L'État de l'Ohio où, fait rarissime, un condamné à mort a survécu à son exécution en septembre, doit utiliser mardi sur un autre détenu une méthode d'injection mortelle inédite, dénoncée par les avocats comme une «expérimentation humaine».

«Il s'agit d'une méthode unique dans le pays, et nous devrions l'utiliser lors de l'exécution de Kenneth Biros, le 8 décembre, sauf action judiciaire», a déclaré Julie Walburn, porte-parole des autorités pénitentiaires de l'Ohio, lors d'une conférence de presse à la prison de Lucasville où se situe la chambre d'exécution. «Nous sommes le premier État dans le monde à adopter une méthode utilisant un seul produit et à prévoir une solution de secours», ajoute-t-elle.

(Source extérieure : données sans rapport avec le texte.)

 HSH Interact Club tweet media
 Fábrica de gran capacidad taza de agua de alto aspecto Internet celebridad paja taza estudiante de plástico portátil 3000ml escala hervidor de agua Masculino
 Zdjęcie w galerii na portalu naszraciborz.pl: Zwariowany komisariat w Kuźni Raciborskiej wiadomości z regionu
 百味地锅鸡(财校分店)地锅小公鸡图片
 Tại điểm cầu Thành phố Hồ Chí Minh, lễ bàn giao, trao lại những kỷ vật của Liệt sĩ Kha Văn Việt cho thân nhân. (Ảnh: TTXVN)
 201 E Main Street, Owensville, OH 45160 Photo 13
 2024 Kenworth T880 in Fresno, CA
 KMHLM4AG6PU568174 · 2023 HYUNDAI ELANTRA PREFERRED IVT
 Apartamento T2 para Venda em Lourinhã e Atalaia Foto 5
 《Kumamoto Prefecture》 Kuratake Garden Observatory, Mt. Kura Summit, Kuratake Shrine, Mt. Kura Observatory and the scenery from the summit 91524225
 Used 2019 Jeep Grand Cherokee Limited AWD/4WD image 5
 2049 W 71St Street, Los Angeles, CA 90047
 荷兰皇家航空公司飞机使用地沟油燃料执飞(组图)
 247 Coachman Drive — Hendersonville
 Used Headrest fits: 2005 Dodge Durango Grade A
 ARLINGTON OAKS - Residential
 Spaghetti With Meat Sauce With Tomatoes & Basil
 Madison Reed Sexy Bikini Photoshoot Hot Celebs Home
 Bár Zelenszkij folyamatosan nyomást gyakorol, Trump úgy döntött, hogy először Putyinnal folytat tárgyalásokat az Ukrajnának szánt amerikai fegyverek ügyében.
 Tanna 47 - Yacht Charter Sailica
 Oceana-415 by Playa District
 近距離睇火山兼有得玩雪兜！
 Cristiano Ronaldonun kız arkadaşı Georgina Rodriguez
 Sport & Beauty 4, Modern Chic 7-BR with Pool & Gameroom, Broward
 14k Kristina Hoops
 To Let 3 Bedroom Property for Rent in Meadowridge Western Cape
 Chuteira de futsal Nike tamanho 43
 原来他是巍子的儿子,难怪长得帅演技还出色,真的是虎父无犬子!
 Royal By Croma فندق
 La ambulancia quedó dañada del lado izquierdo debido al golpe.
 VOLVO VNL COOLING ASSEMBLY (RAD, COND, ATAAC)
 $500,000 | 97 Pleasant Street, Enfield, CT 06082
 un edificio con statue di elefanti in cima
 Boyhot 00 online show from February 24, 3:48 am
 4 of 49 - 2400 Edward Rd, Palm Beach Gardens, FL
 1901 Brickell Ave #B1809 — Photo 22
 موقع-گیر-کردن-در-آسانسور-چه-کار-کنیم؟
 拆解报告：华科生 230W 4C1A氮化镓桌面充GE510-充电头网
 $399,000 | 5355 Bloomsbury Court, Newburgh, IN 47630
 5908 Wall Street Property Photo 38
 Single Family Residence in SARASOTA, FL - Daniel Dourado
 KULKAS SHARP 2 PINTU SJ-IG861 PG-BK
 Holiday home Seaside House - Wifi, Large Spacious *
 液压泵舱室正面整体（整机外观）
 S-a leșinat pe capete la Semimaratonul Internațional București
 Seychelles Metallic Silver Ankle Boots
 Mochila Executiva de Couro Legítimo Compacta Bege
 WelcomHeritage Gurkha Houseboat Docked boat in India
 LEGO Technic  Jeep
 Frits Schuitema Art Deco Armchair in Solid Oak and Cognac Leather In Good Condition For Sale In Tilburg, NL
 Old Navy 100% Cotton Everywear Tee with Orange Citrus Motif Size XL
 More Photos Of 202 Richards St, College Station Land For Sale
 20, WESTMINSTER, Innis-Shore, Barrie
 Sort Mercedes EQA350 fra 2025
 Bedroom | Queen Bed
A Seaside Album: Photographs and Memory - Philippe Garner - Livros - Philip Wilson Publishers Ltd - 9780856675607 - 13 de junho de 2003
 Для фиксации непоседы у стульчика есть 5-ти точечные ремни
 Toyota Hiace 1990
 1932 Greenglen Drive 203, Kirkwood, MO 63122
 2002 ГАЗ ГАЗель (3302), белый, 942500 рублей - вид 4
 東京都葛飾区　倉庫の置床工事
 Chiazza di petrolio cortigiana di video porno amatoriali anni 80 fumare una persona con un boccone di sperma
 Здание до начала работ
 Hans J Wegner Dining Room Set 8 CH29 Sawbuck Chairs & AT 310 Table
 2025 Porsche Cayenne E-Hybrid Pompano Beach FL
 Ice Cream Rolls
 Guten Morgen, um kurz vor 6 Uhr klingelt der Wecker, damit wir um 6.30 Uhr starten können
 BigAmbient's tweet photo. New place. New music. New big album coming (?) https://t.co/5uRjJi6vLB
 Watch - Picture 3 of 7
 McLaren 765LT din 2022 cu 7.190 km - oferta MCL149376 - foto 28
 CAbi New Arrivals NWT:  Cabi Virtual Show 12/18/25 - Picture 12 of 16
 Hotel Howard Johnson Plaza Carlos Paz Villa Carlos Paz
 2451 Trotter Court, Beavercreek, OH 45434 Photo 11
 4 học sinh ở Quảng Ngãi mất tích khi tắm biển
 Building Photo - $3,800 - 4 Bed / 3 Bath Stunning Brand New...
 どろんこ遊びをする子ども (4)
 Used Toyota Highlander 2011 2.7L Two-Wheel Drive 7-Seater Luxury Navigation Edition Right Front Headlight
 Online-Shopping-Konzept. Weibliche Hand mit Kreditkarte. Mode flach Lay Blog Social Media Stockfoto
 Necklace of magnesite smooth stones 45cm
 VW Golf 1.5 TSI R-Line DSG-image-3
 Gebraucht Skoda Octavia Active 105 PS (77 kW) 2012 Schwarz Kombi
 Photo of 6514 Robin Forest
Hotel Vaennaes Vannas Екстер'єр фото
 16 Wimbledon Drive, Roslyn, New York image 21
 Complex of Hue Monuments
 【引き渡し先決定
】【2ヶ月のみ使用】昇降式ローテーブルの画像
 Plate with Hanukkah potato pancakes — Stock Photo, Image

Après que l'équipe d'exécution, «formée et entraînée», eut passé le 15 septembre deux heures à chercher en vain une veine pour poser une intraveineuse à Romell Broom, qui allait ressortir vivant de la chambre d'exécution, les autorités pénitentiaires ont suspendu les exécutions et planché sur une solution.

«Mes avocats ont parlé à de nombreux experts dans ce domaine, dont nos conseillers juridiques et un médecin», explique à l'AFP Terry Collins, directeur des autorités pénitentiaires qui a présidé à 31 exécutions sur les 32 menées dans l'Ohio depuis qu'elles ont repris en 1999.

Résultat: au lieu d'un protocole comprenant trois produits injectés par intraveineuse (un qui anesthésie, un qui paralyse les muscles et un qui arrête le coeur) utilisés partout ailleurs aux États-Unis, l'Ohio n'en utilisera désormais plus qu'un seul, l'anesthésiant, mais à une dose létale.

Et si l'équipe ne parvient pas à fixer une intraveineuse ou si celle-ci défaille au milieu de l'exécution, un gardien enverra alors par injection intramusculaire une dose massive de deux autres produits - un sédatif et un anti-douleur. Les nouvelles règles prévoient que l'équipe puisse s'y reprendre à trois fois, jusqu'à ce que le condamné soit mort.

«Expérimentation humaine», protestent les avocats de Kenneth Biros dans un recours de dernière minute déposé devant un tribunal fédéral. «Ces produits et ces méthodes n'ont jamais été utilisés dans l'histoire des États-Unis ou d'aucun autre pays civilisé», argumentent-ils.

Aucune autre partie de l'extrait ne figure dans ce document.